13x Faster: Optimizing Pulso’s ETL from 57 Minutes to 4.4 Minutes

2 minute read

Published:

Two weeks ago I built Pulso, an ETL pipeline that loads Apple Health XML exports into PostgreSQL. It worked, but loading 3.4M records from a 1.5GB file took 57 minutes. Today I got it down to 4.4 minutes.

The Problem

Profiling revealed the bottleneck immediately: 2 million individual INSERT statements.

About 60% of health records come with metadata — key-value pairs like HKMetadataKeyHeartRateMotionContext attached to heart rate readings. To store metadata in a separate table, you need the parent record’s generated ID. The original code did this:

;; For each record with metadata: one round trip
(let [row (jdbc/execute-one! ds
            ["INSERT INTO record (...) VALUES (?, ..., ?) RETURNING id" ...])
      record-id (:record/id row)]
  ;; Then batch the metadata using that ID
  (doseq [m (:metadata data)]
    ((:add! metadata-batcher) [record-id (:key m) (:value m)])))

Simple and correct. But at ~0.5-2ms per round trip, 2 million of these adds up to 17-67 minutes of pure network overhead.
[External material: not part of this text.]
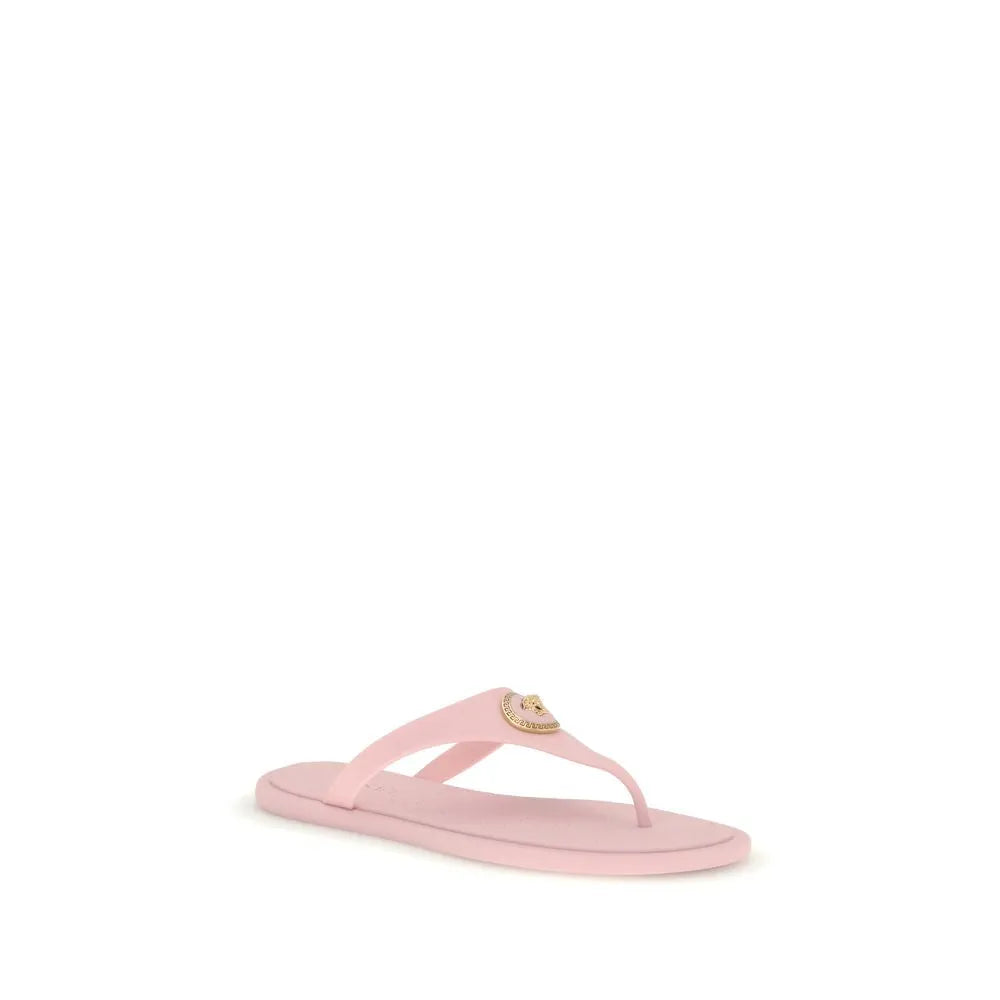 Pink rubber Versace thong sandal with a gold Medusa appliqué on the instep strap.
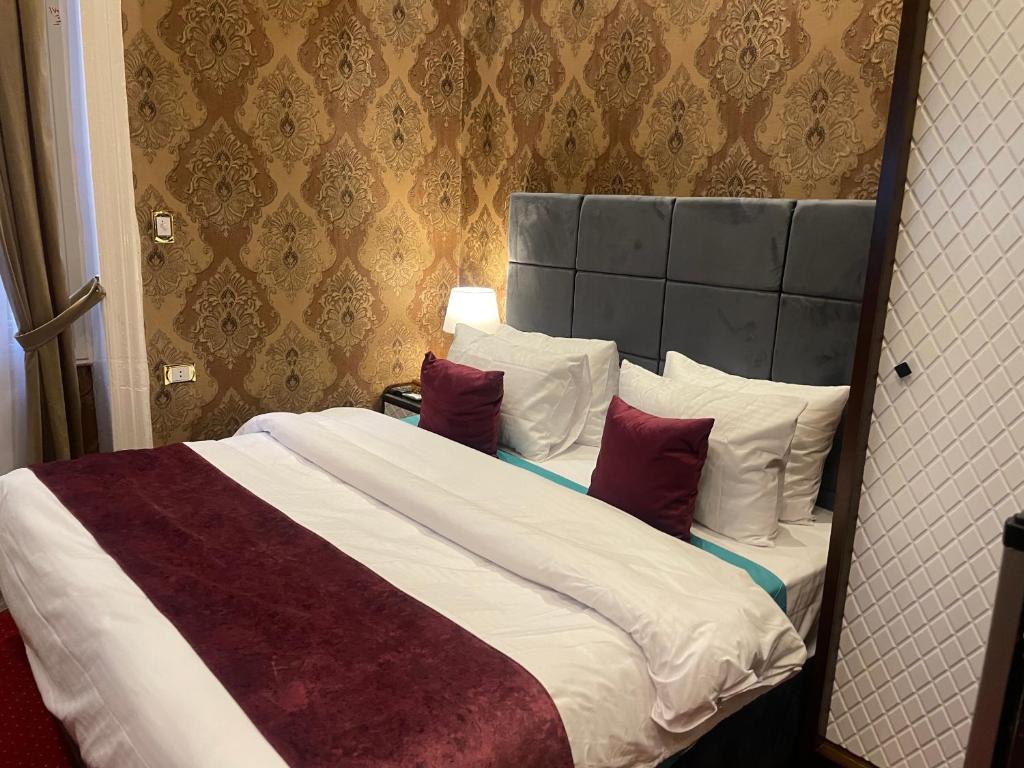 Postel nebo postele na pokoji v ubytování Cairo Inn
Before optimization: 57.2 minutes The original ETL: 3.4M records loaded in 57.2 minutes.

The Fix

The idea is straightforward: batch the parent inserts too, and match returned IDs positionally.

PostgreSQL guarantees that INSERT...RETURNING returns rows in insertion order. So if you buffer N records and their metadata side by side, insert them all at once, you get N IDs back in the same order:

rows-buffer:  [row-A, row-B, row-C]
meta-buffer:  [meta-A, meta-B, meta-C]

INSERT INTO record (...) VALUES (...), (...), (...) RETURNING id
→ [id=101, id=102, id=103]

id=101 → meta-A    ← positional match
id=102 → meta-B
id=103 → meta-C

Then feed all the metadata entries into the metadata batcher, which flushes them in its own batch. Two batch round trips instead of 2 million individual ones.

I built a make-returning-batcher abstraction that handles this pattern — it buffers rows alongside arbitrary associated data, and when it flushes (either at batch-size or explicitly), it returns {:id N :metadata associated-data} pairs that downstream code can process.

The Numbers

                BEFORE          AFTER
Records:        3,380,043       3,380,043
Workouts:       1,819           1,819
Activities:     1,687           1,687
Time:           57.2 min        4.4 min
Throughput:     ~985 rec/sec    ~12,800 rec/sec

After optimization: 4.4 minutes After batching: same 3.4M records loaded in 4.4 minutes — 13x faster.

The same pattern was applied to workouts (1,800 individual inserts → 1 batch) and correlations (individual inserts for both parents and nested records → batched). These had negligible absolute impact but made the codebase consistent.

Takeaway

The optimization wasn’t clever — it was just removing unnecessary round trips. A single INSERT of 5,000 rows takes ~10-20ms. Five thousand individual INSERTs take ~2,500ms. The per-row cost inside a batch is nearly zero; it’s the round-trip overhead that dominates.

Sometimes the best performance work is noticing that you’re doing one thing at a time when you could be doing five thousand.